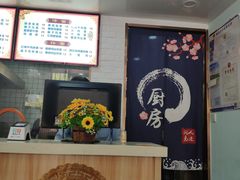 -冯记面馆(天勤家园店)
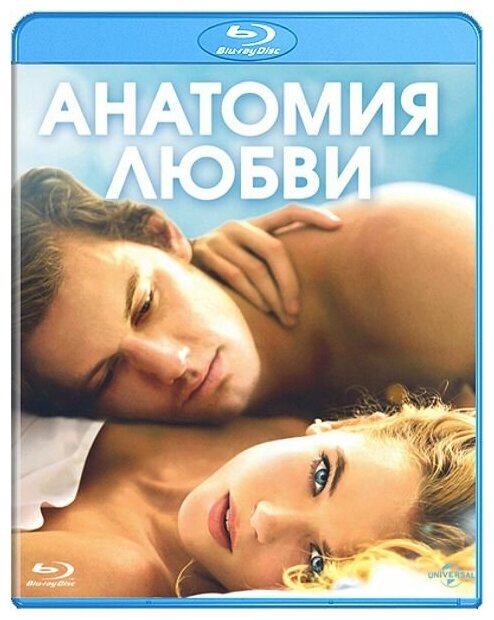 Анатомия любви (Blu-ray) (Фест Шана) - фото №1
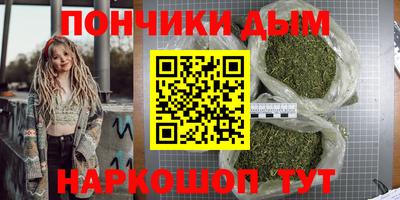 COCAINE Уссурийск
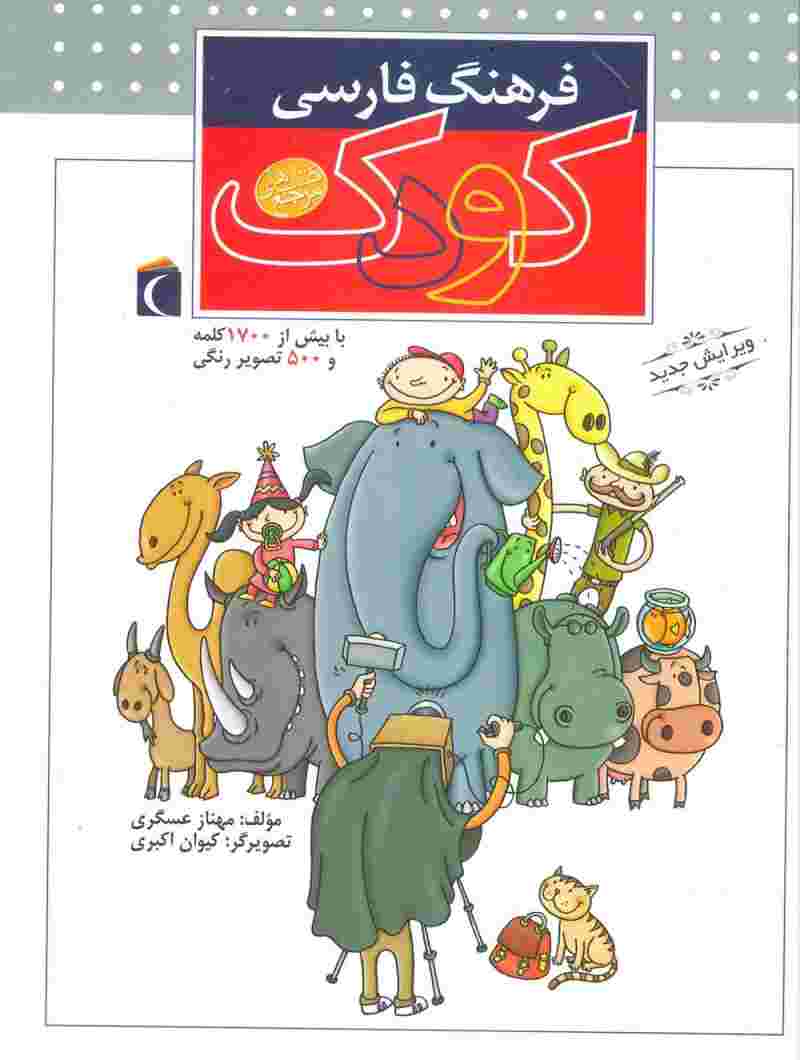فرهنگ فارسی کودک (گلاسه)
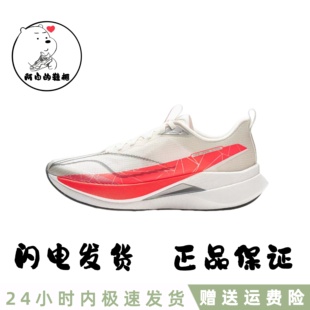 李宁赤兔9Pro香槟白䨻科技䨻丝面体考体测专业竞速跑鞋ARPW001-27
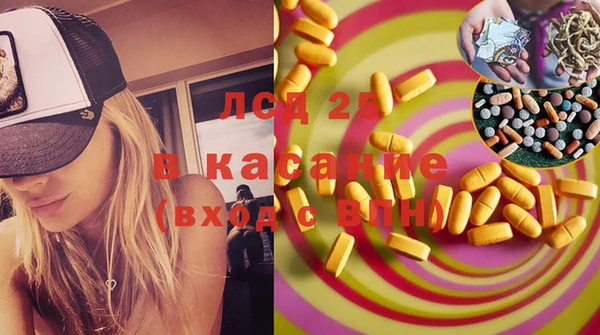 метадон Алексеевка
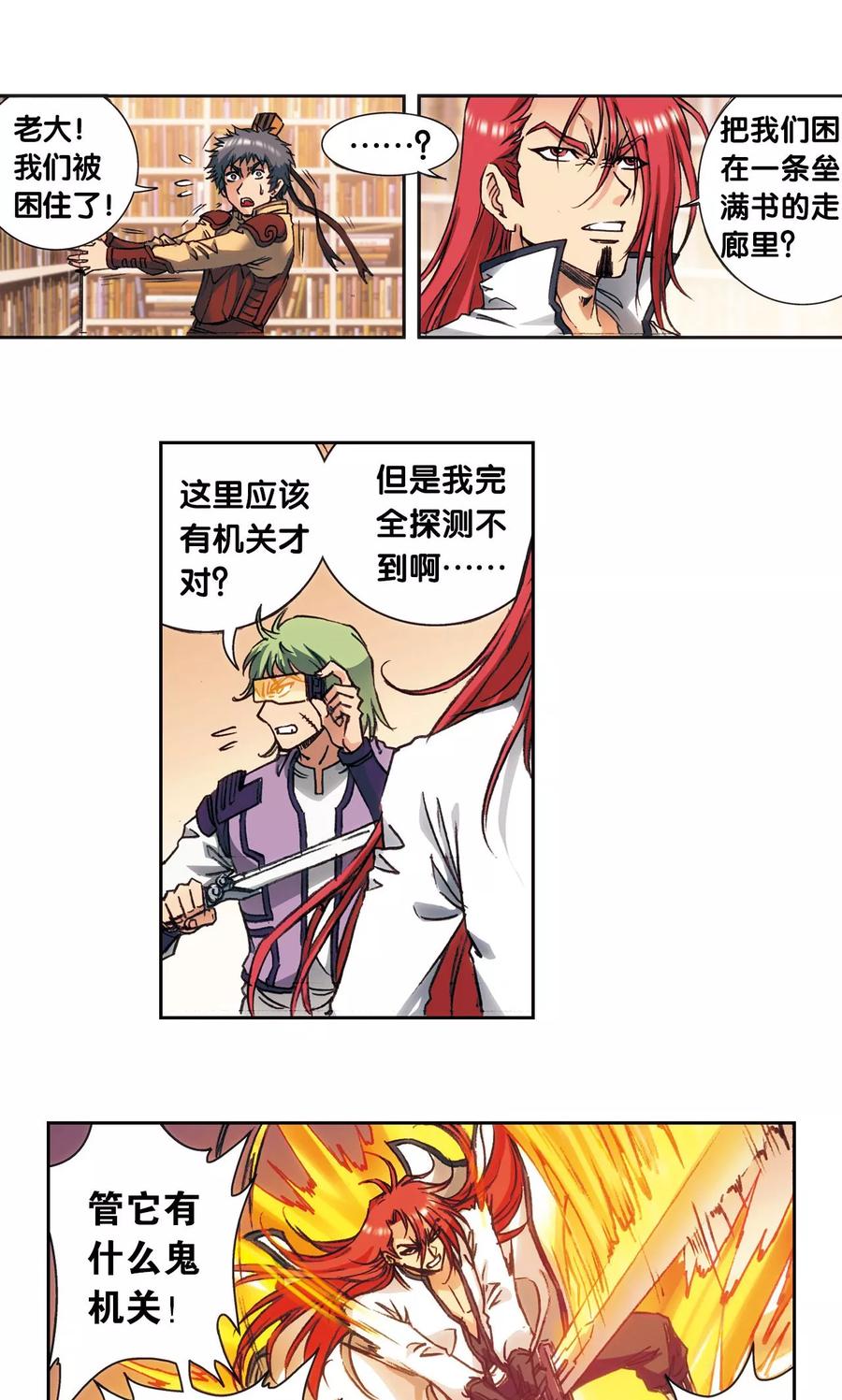 星海镖师 第159话 书海无路 第22页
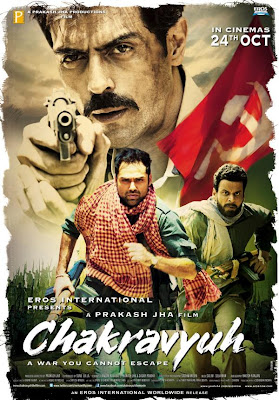Chakravyuh First Look Poster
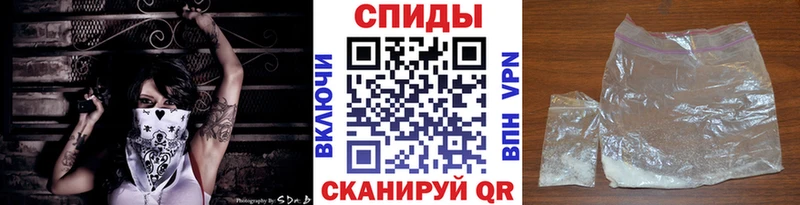 Метамфетамин кристалл Анадырь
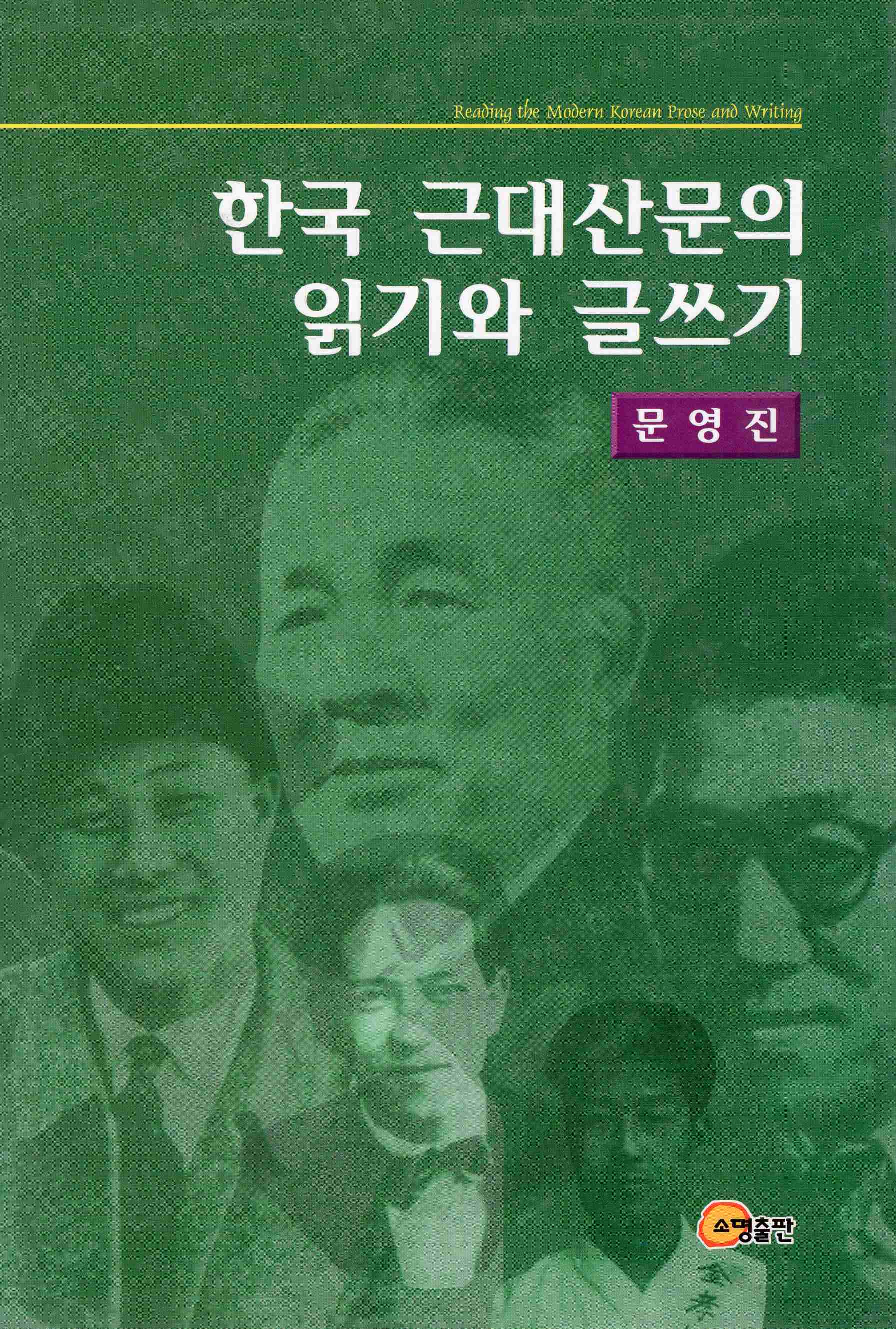 한국 근대산문의 읽기와 글쓰기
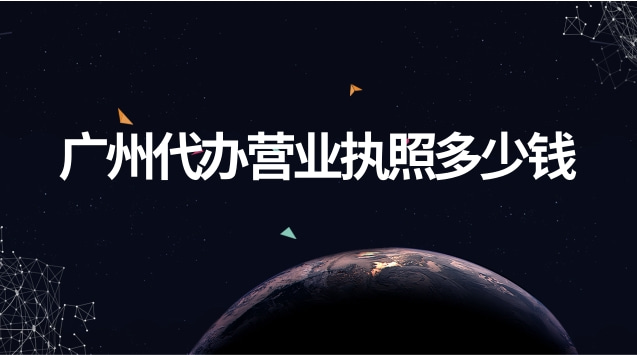 广州代办营业执照要多少钱(广州代办营业执照大概要多少钱)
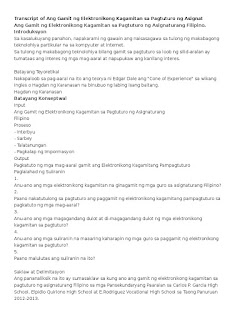 Mabuting epekto ng makabagong teknolohiya sa mga mag aaral thesis image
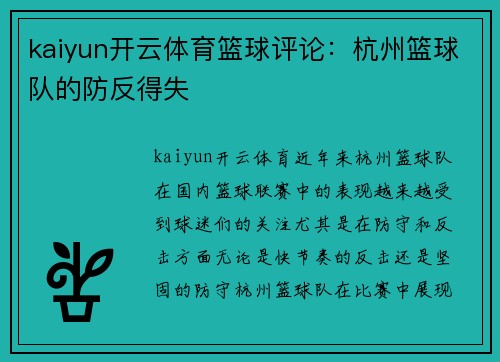 kaiyun开云体育篮球评论：杭州篮球队的防反得失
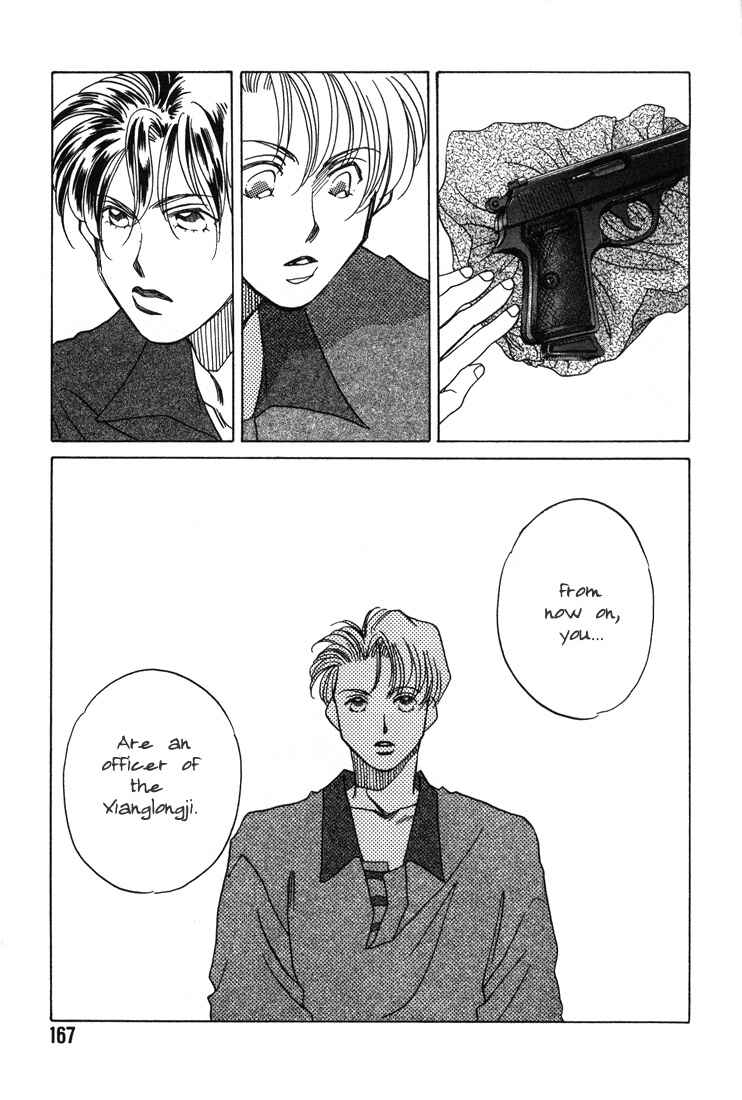 Page 13 Chapter 4 1999 Shanghai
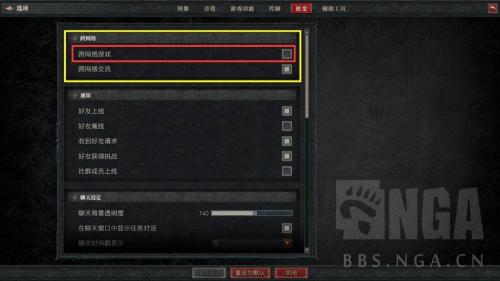 暗黑破坏神4德鲁伊第一赛季开荒攻略(暗黑破坏神4第一赛季开荒指南)插图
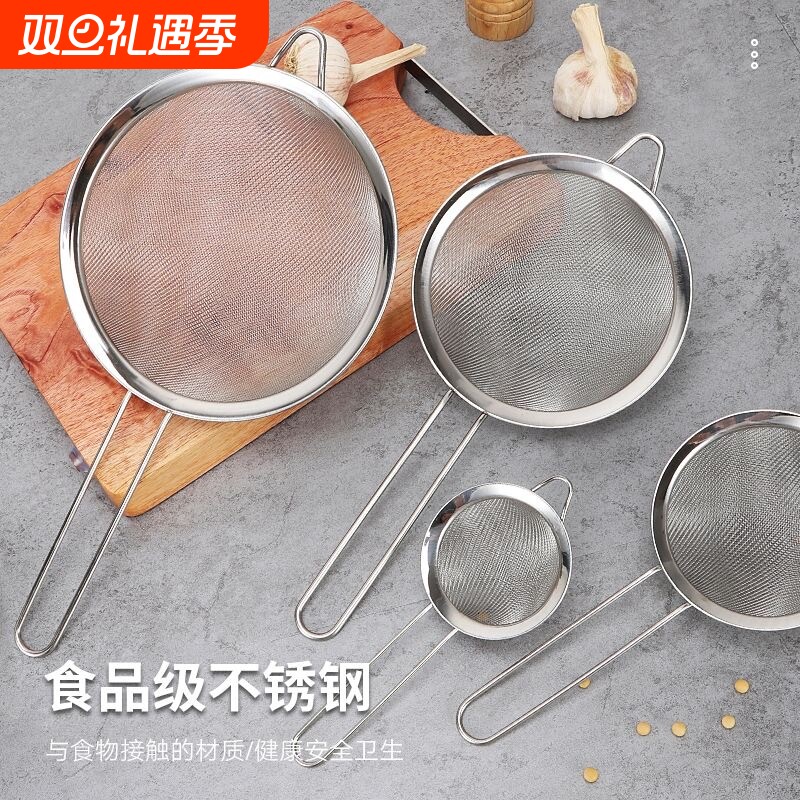 漏勺过滤网筛家用笊篱过滤网大号不锈钢捞饺子果汁豆浆筛滤油漏网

-*-*-

▶ _Work request_:
Leave out the pictures and give the rest of the material again, unaltered.

▶ _Solution for this task_:
 -冯记面馆(天勤家园店)
 Анатомия любви (Blu-ray) (Фест Шана) - фото №1
 COCAINE Уссурийск
فرهنگ فارسی کودک (گلاسه)
 李宁赤兔9Pro香槟白䨻科技䨻丝面体考体测专业竞速跑鞋ARPW001-27
 метадон Алексеевка
 星海镖师 第159话 书海无路 第22页
Chakravyuh First Look Poster
 Метамфетамин кристалл Анадырь
 한국 근대산문의 읽기와 글쓰기
 广州代办营业执照要多少钱(广州代办营业执照大概要多少钱)
 Mabuting epekto ng makabagong teknolohiya sa mga mag aaral thesis image
 kaiyun开云体育篮球评论：杭州篮球队的防反得失
 Page 13 Chapter 4 1999 Shanghai
 暗黑破坏神4德鲁伊第一赛季开荒攻略(暗黑破坏神4第一赛季开荒指南)插图
 漏勺过滤网筛家用笊篱过滤网大号不锈钢捞饺子果汁豆浆筛滤油漏网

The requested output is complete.